Short descriptive text snippets
*** Begin section ***

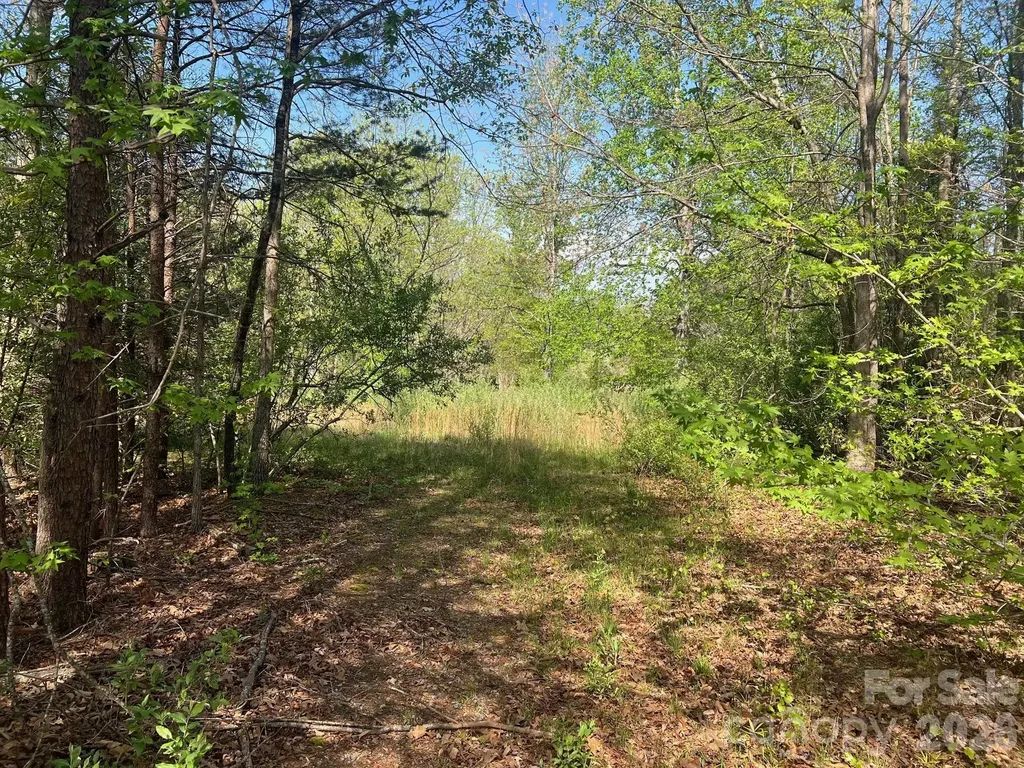 6374 Peniel Road Tryon NC 28782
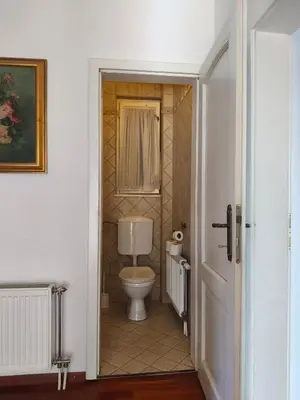 a bathroom with a toilet in a room at Villa Pinta Pika in Ljubljana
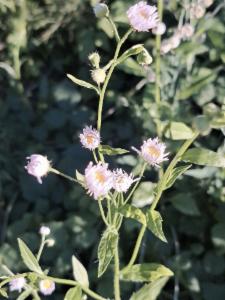 Click to view this image in a large viewer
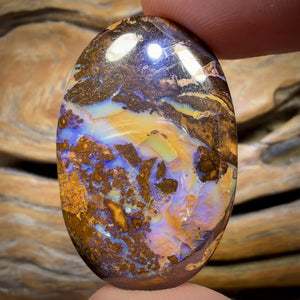 52.8cts - Queensland Boulder Opal from Yowah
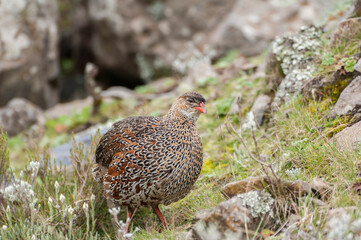 Chestnut-naped Francolin (Francolinus castaneicollis), Bale mountains , Ethiopia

*** End section ***

Task requirements -> Omit the pictures. Write out exactly the lines from the one containing "a bathroom with" through the last line of the entries, both of them included.

Response ->
 a bathroom with a toilet in a room at Villa Pinta Pika in Ljubljana
 Click to view this image in a large viewer
 52.8cts - Queensland Boulder Opal from Yowah
 Chestnut-naped Francolin (Francolinus castaneicollis), Bale mountains , Ethiopia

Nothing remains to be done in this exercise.